How had I lost myself so much?
It feels like waking up out of a fog. To completely surrender and listen to my body, wholeheartedly. Regardless of the weight I might gain. I have stopped exercising, which is about the scariest thing you could ask me to do. Every time I think about exercise, I feel stress course through my body.
So, what are the long term complications of anorexia nervosa? Overexercise? Chronic stress?
I am seeing it, clear as day, now. It's not funny anymore. The shit I got away with when I was 14 doesn't work anymore. One of the most frustrating aspects of an eating disorder is the common misconception that you have to look underweight and starved in order to have serious health problems. This is not true. However it's caused me to question if I'm making all this up, what all "this" even is. It's confusing. Years of chronic dieting and restriction from certain foods, it adds up. and it doesn't change overnight. and I am paying.
I have one body. One incredible, strong body, that has been with me through it all. The long term effects of anorexia are bone loss. Infertility. Brain damage. Calories do not just go to your ass, they are used for organ functioning! The time I spent exercising when every bone in my body told me not to, using caffeine like a crutch just to get through these workouts. adrenal burnout. it's like being a walking zombie, wondering where the hell all your life force has gone.

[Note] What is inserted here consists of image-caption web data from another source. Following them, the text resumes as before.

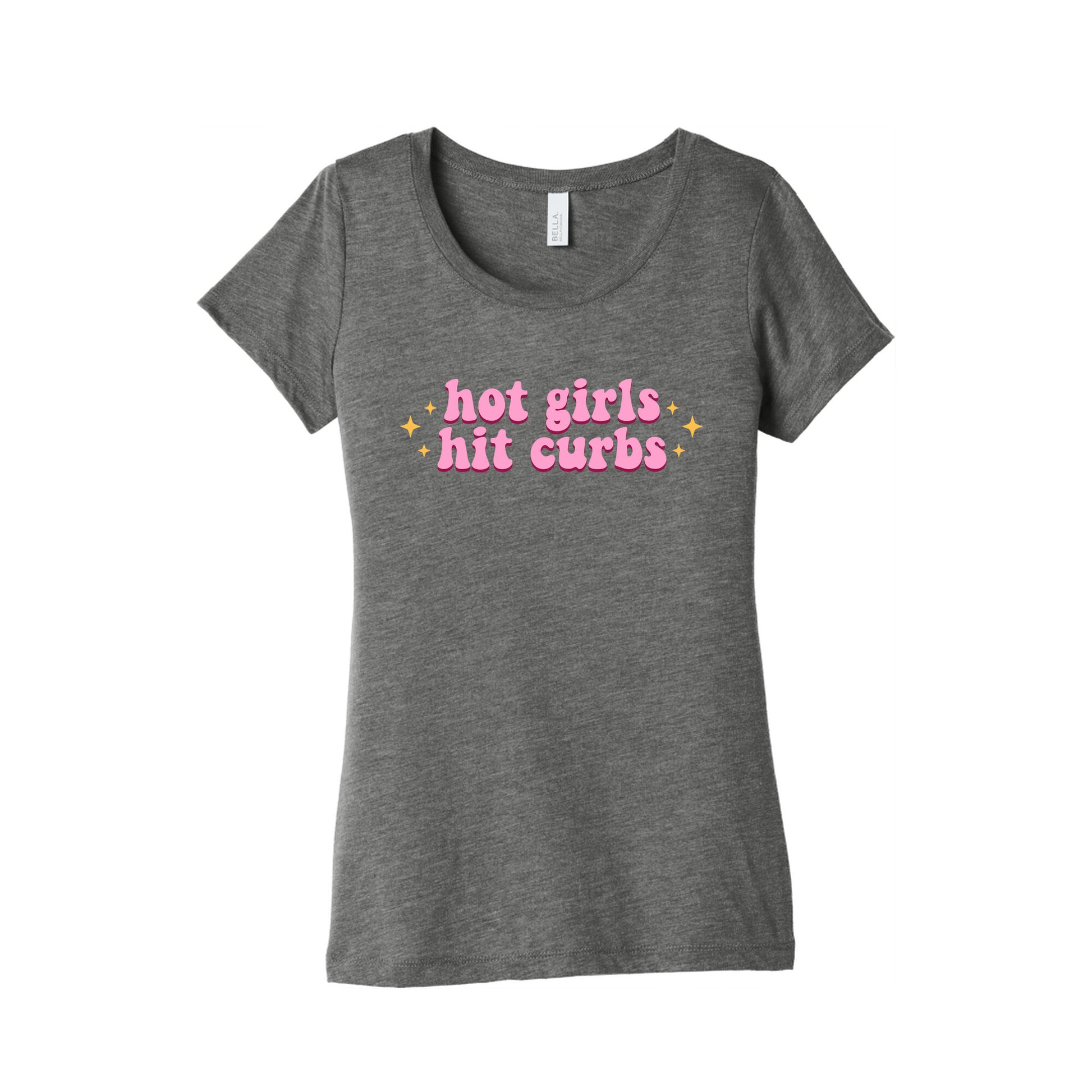 Unfiltered Graphic Tees with Attitude
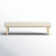 Fara 64" Upholstered Bench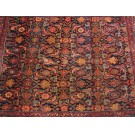 Early 20th Century W. Persian Bijar Rug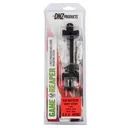 DNZ Game Reaper 1" High Scope Mount for Savage Short Action - Dnz
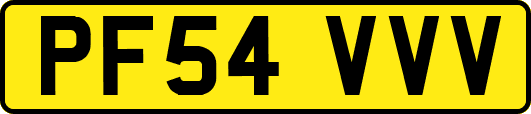 PF54VVV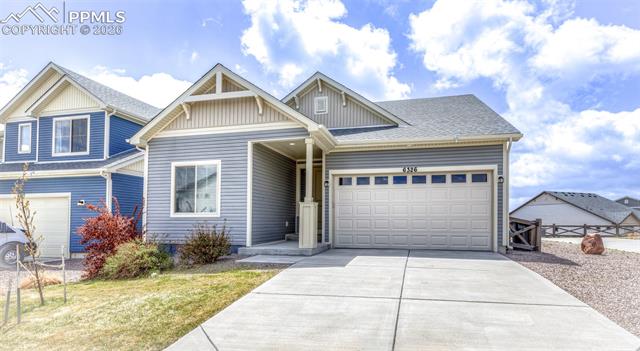 6326  Moate  , colorado springs&nbsp; House Search MLS Picture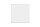 Bi-Office Whiteboard MAYA 120,0 x 120,0 cm weiß emaillierter Stahl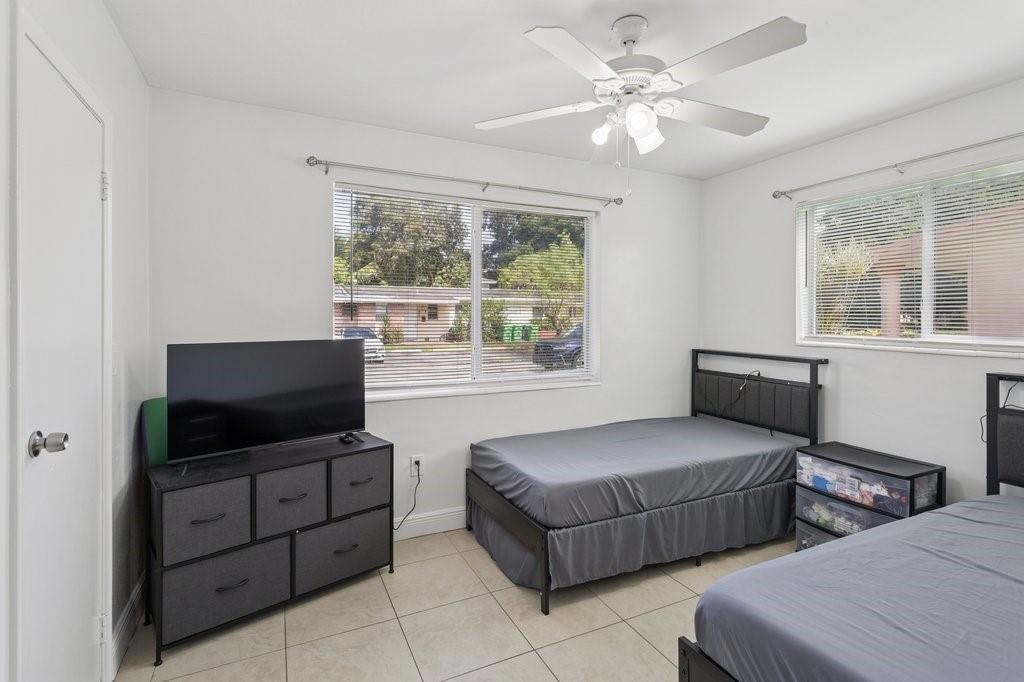 Gold Key Villas First Add - Residential Lease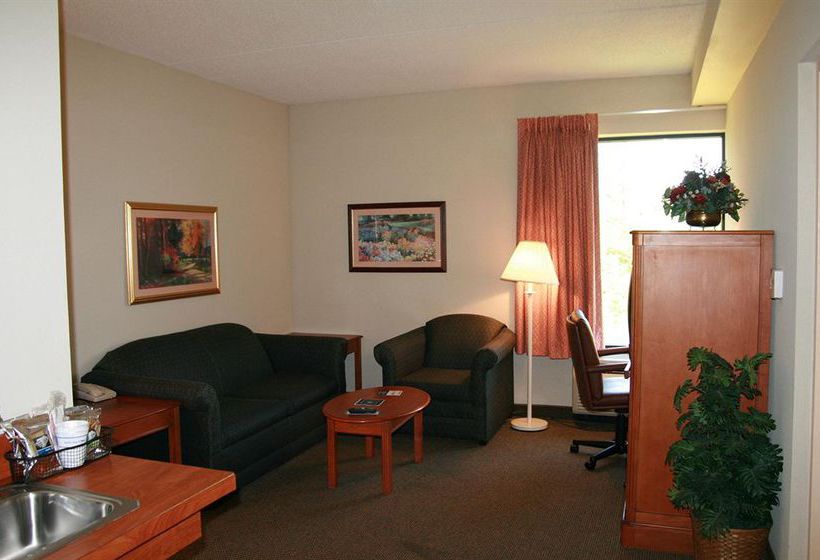 Hotel Hampton Inn Burlington Mt. Holly  | Westampton | New Jersey | United States 3
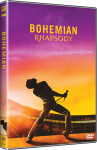 Bohemian Rhapsody - DVD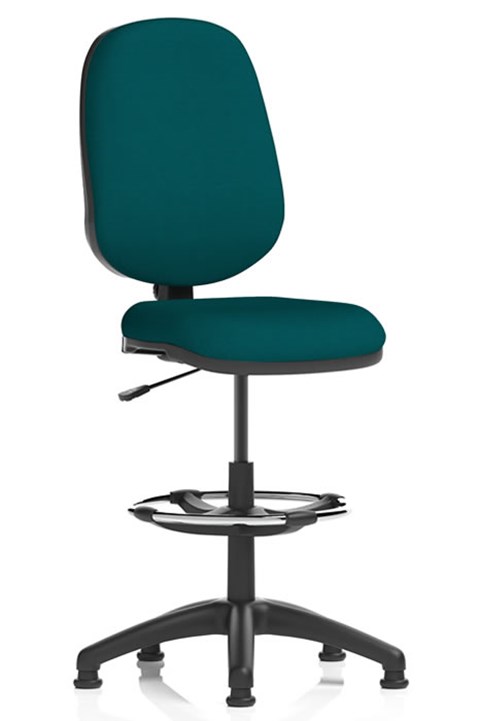 Vantage Draughter Operator Chair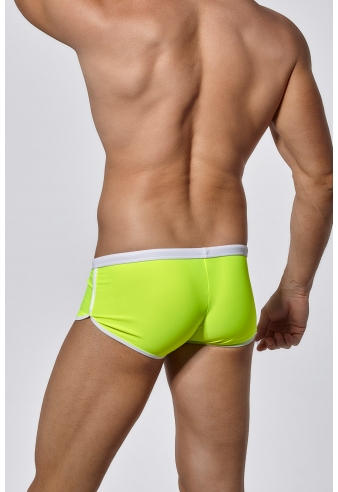 Boxeri costum de baie bărbați ROBERTO LUCCA 10113 37722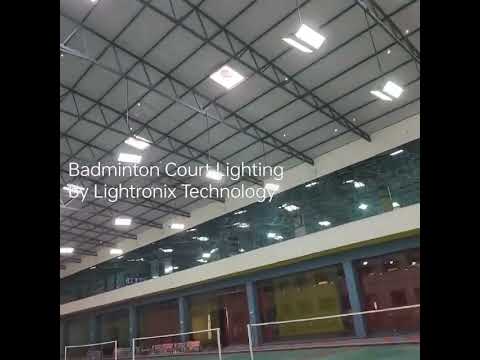 100 Watt 3x1 Feet Tennis Court LED Light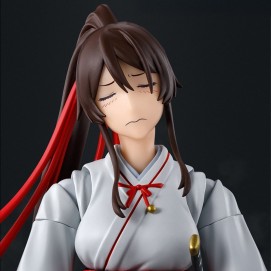 YAMADA ASAEMON SAGIRI FIGURA 15,5 CM HELL'S PARADISE SH FIGUARTS                PRECIO NETO / FECHA LIMITE: 23/05/2023
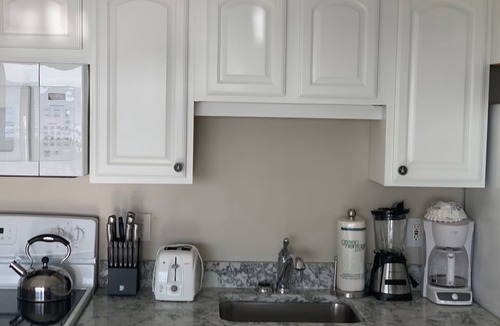 Longboat Key Condo | Client texted view crazy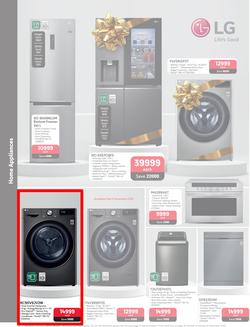 Makro : Someone's In A Festive Gifting Mood (29 October - 24 December 2023), page 34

What is it to really heal, to really get to the root of a problem?
little little, when did the light grow dimmer?
and how did we forget
I let you go in exchange for control
over a world I do not know, over a world i do not know.
Grip onto anything I can wrap my grubby hands around
gotta cut these fingernails again.
so when will I be free to spread out,
my drawings on the walls, the ones I never let you see
all the secrets safe in my own arms.
little little, when did the light grow dimmer?
and how did we forget?
there's been this silence since I've stopped being a slave to this monster/disorder. In that silence, there has been a period of mourning for all the years i've been "gone". a ghost didn't realise she was a ghost all this time. the deeper emotions that I've been keeping safe under the wraps of this crazy disorder are coming to the surface. From my journal -
"I am learning self-soothing outside of food and exercise...I'm unconsciously committed to it...I use ED to numb out and distance from myself and others. Pushing out connection because I value safety and self-preservation. Firm, stubborn belief in isolation and seriousness being the most safe. It's easy to slip sometimes. Alone isn't sustainable or healthy. Tyrant has me today and yesterday, though I feel weak and like a slave. I am stronger than this. Stronger than this monster that wants to keep me small and suck the life from me."
So this is my new moon intention, if I am to have one. I surrender.